Dear whoever just brought their kids to college,
I know. No, really, I do. I did it. Twice. It was hard. And sad, and funny, and surreal, and totally bizarre, and shocking and amazing and honestly, it almost felt like I must be dead-asleep having one of those realistic dreams where you think you’re awake because you play out the scenario since the day your little baby pops out of you and then there you are on some scenic campus about to leave your child there, alone, wondering who the talented magician was who stole the years between birth and that day without you even noticing. Yeah, I feel you.
I understand. Seriously. I grieved for the entirety of my son’s senior year of high school in preparation for the big goodbye. I cried through every “last’ there was. And when he finally boarded the plane for the up-all-night city of Barcelona for his first semester (a Spring admit to USC, LA), I had myself a very major-grieving-Italian-widow-who-wears orthopedic-shoes cry. Four months later, of course, we had to take him to LA, which was also sort of dramatic, but at least he was in the states. I cried again, but not as much (lying here, just as much, if not more).
When my daughter left, three years after her brother’s departure, it was different because the nest was now officially empty, for real and that’s a whole other thing. But, she was only two hours from home and we also went to every one of her soccer games (EVERY. SINGLE. ONE.). Galavanting around New England from September through the start of October and sometimes longer, we saw a lot of her. And anytime she or we felt the need to see one another, we could do it by leaving in the AM and being home by the PM. Which wasn’t an option to see our son. Drive to LA for dinner? Right.
But enough about me, let’s talk about you. Are you feeling worried? Do you keep thinking your kid is going to burst through the door? Are you making too much for dinner and looking over longingly at their empty chair? Are you having some anxiety in the middle of the night at around, say, 2 AM? Have you gotten rid of all their favorite junky snacks yet? Are you the parent who is crying their head off, OR the one having sex on the kitchen island? (There are those parents, but I don’t know any of them).

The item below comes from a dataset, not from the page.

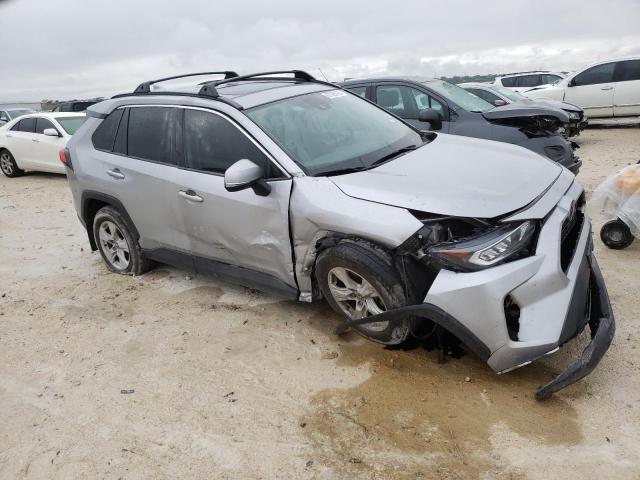 2021 TOYOTA RAV4 XLE VIN: 2T3W1RFV0MW167538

Well, here’s my advice, from someone who’s been there:
I say grieve for as long as you have to. It’s a transition. A big one. And it’s ok to feel sad, lonely, confused, and/or downright fucking miserable. It’s also ok to be rejoicing. It’s honestly perfectly fine to feel any way you feel. (It’s actually always ok to feel any way feel ANY OLD TIME). So, give yourself the emotional space to feel whatever it is you’re feeling and honor that.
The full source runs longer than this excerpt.